**DATA**
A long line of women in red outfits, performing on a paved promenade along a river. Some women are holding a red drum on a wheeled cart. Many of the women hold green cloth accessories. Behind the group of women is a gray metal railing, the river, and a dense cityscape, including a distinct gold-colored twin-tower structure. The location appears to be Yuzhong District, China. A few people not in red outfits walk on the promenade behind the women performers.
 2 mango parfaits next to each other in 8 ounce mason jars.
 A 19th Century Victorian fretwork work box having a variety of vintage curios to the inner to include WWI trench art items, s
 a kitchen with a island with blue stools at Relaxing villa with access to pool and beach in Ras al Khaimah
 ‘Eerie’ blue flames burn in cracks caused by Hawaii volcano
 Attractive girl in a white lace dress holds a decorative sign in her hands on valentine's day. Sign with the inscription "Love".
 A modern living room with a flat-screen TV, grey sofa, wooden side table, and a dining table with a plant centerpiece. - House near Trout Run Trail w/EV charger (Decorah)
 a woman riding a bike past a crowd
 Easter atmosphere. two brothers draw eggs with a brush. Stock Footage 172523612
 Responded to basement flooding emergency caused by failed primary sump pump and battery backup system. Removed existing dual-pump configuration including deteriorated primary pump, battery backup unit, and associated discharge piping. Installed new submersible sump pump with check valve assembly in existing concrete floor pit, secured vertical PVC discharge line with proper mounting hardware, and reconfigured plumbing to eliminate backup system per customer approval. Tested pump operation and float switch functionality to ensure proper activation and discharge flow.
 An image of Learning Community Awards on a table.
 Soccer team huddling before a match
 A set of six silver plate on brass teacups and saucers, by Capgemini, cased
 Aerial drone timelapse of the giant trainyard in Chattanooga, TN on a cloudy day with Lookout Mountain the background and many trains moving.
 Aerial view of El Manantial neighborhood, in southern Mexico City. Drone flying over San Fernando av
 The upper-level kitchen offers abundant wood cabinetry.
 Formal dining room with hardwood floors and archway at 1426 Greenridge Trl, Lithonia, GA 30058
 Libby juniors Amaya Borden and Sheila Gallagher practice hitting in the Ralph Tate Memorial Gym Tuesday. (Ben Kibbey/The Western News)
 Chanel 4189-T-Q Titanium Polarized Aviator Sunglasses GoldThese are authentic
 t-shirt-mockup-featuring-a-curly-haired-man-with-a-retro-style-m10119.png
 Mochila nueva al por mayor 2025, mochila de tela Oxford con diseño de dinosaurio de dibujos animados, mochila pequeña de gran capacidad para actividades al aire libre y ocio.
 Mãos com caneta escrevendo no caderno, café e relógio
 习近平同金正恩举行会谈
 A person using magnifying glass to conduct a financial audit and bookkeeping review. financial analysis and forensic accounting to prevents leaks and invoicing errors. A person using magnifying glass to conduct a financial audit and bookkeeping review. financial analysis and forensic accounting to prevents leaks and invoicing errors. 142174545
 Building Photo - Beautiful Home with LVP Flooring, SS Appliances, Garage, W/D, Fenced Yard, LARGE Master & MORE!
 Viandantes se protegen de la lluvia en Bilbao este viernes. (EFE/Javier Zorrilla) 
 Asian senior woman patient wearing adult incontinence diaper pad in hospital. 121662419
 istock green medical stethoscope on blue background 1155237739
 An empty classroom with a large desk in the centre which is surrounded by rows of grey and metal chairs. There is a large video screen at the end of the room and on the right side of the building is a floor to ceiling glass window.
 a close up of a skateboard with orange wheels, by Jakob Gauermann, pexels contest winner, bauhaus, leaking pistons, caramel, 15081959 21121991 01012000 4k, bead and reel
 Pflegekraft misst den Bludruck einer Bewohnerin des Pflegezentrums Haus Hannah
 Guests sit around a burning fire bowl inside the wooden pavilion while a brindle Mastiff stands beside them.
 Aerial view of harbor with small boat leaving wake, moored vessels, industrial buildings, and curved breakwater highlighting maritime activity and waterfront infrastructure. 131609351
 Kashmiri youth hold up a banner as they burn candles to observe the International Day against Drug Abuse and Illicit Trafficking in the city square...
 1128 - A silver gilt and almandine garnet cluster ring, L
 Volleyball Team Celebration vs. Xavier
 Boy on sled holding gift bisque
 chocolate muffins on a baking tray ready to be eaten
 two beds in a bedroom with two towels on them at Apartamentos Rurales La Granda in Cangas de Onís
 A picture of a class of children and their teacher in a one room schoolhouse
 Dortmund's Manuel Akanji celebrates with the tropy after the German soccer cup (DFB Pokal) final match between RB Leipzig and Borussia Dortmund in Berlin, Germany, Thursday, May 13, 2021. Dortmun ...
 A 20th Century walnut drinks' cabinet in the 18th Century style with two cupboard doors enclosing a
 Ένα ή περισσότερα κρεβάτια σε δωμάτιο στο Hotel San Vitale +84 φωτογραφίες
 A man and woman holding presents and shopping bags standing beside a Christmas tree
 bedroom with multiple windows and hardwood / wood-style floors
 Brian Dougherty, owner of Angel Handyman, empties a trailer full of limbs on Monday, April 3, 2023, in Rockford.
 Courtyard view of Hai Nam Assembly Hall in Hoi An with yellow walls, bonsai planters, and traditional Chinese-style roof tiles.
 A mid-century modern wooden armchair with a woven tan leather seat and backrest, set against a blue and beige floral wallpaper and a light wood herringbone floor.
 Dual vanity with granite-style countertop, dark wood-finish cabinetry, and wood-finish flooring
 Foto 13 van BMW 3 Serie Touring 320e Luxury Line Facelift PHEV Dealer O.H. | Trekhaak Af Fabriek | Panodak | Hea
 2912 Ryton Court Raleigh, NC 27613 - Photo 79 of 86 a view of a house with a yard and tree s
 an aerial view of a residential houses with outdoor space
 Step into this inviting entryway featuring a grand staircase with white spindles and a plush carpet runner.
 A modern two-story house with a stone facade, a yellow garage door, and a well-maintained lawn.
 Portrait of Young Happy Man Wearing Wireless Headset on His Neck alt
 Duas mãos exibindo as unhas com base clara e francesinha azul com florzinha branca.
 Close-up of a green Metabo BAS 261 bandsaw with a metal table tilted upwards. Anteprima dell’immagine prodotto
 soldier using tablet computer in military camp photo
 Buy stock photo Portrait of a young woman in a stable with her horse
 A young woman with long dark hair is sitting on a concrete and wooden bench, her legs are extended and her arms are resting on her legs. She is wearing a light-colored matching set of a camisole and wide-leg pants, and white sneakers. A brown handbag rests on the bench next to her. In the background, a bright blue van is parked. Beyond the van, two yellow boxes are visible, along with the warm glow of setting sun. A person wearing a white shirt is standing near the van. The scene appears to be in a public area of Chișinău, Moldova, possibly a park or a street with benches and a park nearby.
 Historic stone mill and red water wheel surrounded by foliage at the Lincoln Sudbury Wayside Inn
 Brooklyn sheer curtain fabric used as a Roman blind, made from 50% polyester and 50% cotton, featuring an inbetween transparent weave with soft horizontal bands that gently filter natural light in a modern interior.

**TASK TO CARRY OUT**
Pull out each record as written and restate it exactly.

**COMPLETED EXERCISE**
A long line of women in red outfits, performing on a paved promenade along a river. Some women are holding a red drum on a wheeled cart. Many of the women hold green cloth accessories. Behind the group of women is a gray metal railing, the river, and a dense cityscape, including a distinct gold-colored twin-tower structure. The location appears to be Yuzhong District, China. A few people not in red outfits walk on the promenade behind the women performers.
 2 mango parfaits next to each other in 8 ounce mason jars.
 A 19th Century Victorian fretwork work box having a variety of vintage curios to the inner to include WWI trench art items, s
 a kitchen with a island with blue stools at Relaxing villa with access to pool and beach in Ras al Khaimah
 ‘Eerie’ blue flames burn in cracks caused by Hawaii volcano
 Attractive girl in a white lace dress holds a decorative sign in her hands on valentine's day. Sign with the inscription "Love".
 A modern living room with a flat-screen TV, grey sofa, wooden side table, and a dining table with a plant centerpiece. - House near Trout Run Trail w/EV charger (Decorah)
 a woman riding a bike past a crowd
 Easter atmosphere. two brothers draw eggs with a brush. Stock Footage 172523612
 Responded to basement flooding emergency caused by failed primary sump pump and battery backup system. Removed existing dual-pump configuration including deteriorated primary pump, battery backup unit, and associated discharge piping. Installed new submersible sump pump with check valve assembly in existing concrete floor pit, secured vertical PVC discharge line with proper mounting hardware, and reconfigured plumbing to eliminate backup system per customer approval. Tested pump operation and float switch functionality to ensure proper activation and discharge flow.
 An image of Learning Community Awards on a table.
 Soccer team huddling before a match
 A set of six silver plate on brass teacups and saucers, by Capgemini, cased
 Aerial drone timelapse of the giant trainyard in Chattanooga, TN on a cloudy day with Lookout Mountain the background and many trains moving.
 Aerial view of El Manantial neighborhood, in southern Mexico City. Drone flying over San Fernando av
 The upper-level kitchen offers abundant wood cabinetry.
 Formal dining room with hardwood floors and archway at 1426 Greenridge Trl, Lithonia, GA 30058
 Libby juniors Amaya Borden and Sheila Gallagher practice hitting in the Ralph Tate Memorial Gym Tuesday. (Ben Kibbey/The Western News)
 Chanel 4189-T-Q Titanium Polarized Aviator Sunglasses GoldThese are authentic
 t-shirt-mockup-featuring-a-curly-haired-man-with-a-retro-style-m10119.png
 Mochila nueva al por mayor 2025, mochila de tela Oxford con diseño de dinosaurio de dibujos animados, mochila pequeña de gran capacidad para actividades al aire libre y ocio.
 Mãos com caneta escrevendo no caderno, café e relógio
 习近平同金正恩举行会谈
 A person using magnifying glass to conduct a financial audit and bookkeeping review. financial analysis and forensic accounting to prevents leaks and invoicing errors. A person using magnifying glass to conduct a financial audit and bookkeeping review. financial analysis and forensic accounting to prevents leaks and invoicing errors. 142174545
 Building Photo - Beautiful Home with LVP Flooring, SS Appliances, Garage, W/D, Fenced Yard, LARGE Master & MORE!
 Viandantes se protegen de la lluvia en Bilbao este viernes. (EFE/Javier Zorrilla) 
 Asian senior woman patient wearing adult incontinence diaper pad in hospital. 121662419
 istock green medical stethoscope on blue background 1155237739
 An empty classroom with a large desk in the centre which is surrounded by rows of grey and metal chairs. There is a large video screen at the end of the room and on the right side of the building is a floor to ceiling glass window.
 a close up of a skateboard with orange wheels, by Jakob Gauermann, pexels contest winner, bauhaus, leaking pistons, caramel, 15081959 21121991 01012000 4k, bead and reel
 Pflegekraft misst den Bludruck einer Bewohnerin des Pflegezentrums Haus Hannah
 Guests sit around a burning fire bowl inside the wooden pavilion while a brindle Mastiff stands beside them.
 Aerial view of harbor with small boat leaving wake, moored vessels, industrial buildings, and curved breakwater highlighting maritime activity and waterfront infrastructure. 131609351
 Kashmiri youth hold up a banner as they burn candles to observe the International Day against Drug Abuse and Illicit Trafficking in the city square...
 1128 - A silver gilt and almandine garnet cluster ring, L
 Volleyball Team Celebration vs. Xavier
 Boy on sled holding gift bisque
 chocolate muffins on a baking tray ready to be eaten
 two beds in a bedroom with two towels on them at Apartamentos Rurales La Granda in Cangas de Onís
 A picture of a class of children and their teacher in a one room schoolhouse
 Dortmund's Manuel Akanji celebrates with the tropy after the German soccer cup (DFB Pokal) final match between RB Leipzig and Borussia Dortmund in Berlin, Germany, Thursday, May 13, 2021. Dortmun ...
 A 20th Century walnut drinks' cabinet in the 18th Century style with two cupboard doors enclosing a
 Ένα ή περισσότερα κρεβάτια σε δωμάτιο στο Hotel San Vitale +84 φωτογραφίες
 A man and woman holding presents and shopping bags standing beside a Christmas tree
 bedroom with multiple windows and hardwood / wood-style floors
 Brian Dougherty, owner of Angel Handyman, empties a trailer full of limbs on Monday, April 3, 2023, in Rockford.
 Courtyard view of Hai Nam Assembly Hall in Hoi An with yellow walls, bonsai planters, and traditional Chinese-style roof tiles.
 A mid-century modern wooden armchair with a woven tan leather seat and backrest, set against a blue and beige floral wallpaper and a light wood herringbone floor.
 Dual vanity with granite-style countertop, dark wood-finish cabinetry, and wood-finish flooring
 Foto 13 van BMW 3 Serie Touring 320e Luxury Line Facelift PHEV Dealer O.H. | Trekhaak Af Fabriek | Panodak | Hea
 2912 Ryton Court Raleigh, NC 27613 - Photo 79 of 86 a view of a house with a yard and tree s
 an aerial view of a residential houses with outdoor space
 Step into this inviting entryway featuring a grand staircase with white spindles and a plush carpet runner.
 A modern two-story house with a stone facade, a yellow garage door, and a well-maintained lawn.
 Portrait of Young Happy Man Wearing Wireless Headset on His Neck alt
 Duas mãos exibindo as unhas com base clara e francesinha azul com florzinha branca.
 Close-up of a green Metabo BAS 261 bandsaw with a metal table tilted upwards. Anteprima dell’immagine prodotto
 soldier using tablet computer in military camp photo
 Buy stock photo Portrait of a young woman in a stable with her horse
 A young woman with long dark hair is sitting on a concrete and wooden bench, her legs are extended and her arms are resting on her legs. She is wearing a light-colored matching set of a camisole and wide-leg pants, and white sneakers. A brown handbag rests on the bench next to her. In the background, a bright blue van is parked. Beyond the van, two yellow boxes are visible, along with the warm glow of setting sun. A person wearing a white shirt is standing near the van. The scene appears to be in a public area of Chișinău, Moldova, possibly a park or a street with benches and a park nearby.
 Historic stone mill and red water wheel surrounded by foliage at the Lincoln Sudbury Wayside Inn
 Brooklyn sheer curtain fabric used as a Roman blind, made from 50% polyester and 50% cotton, featuring an inbetween transparent weave with soft horizontal bands that gently filter natural light in a modern interior.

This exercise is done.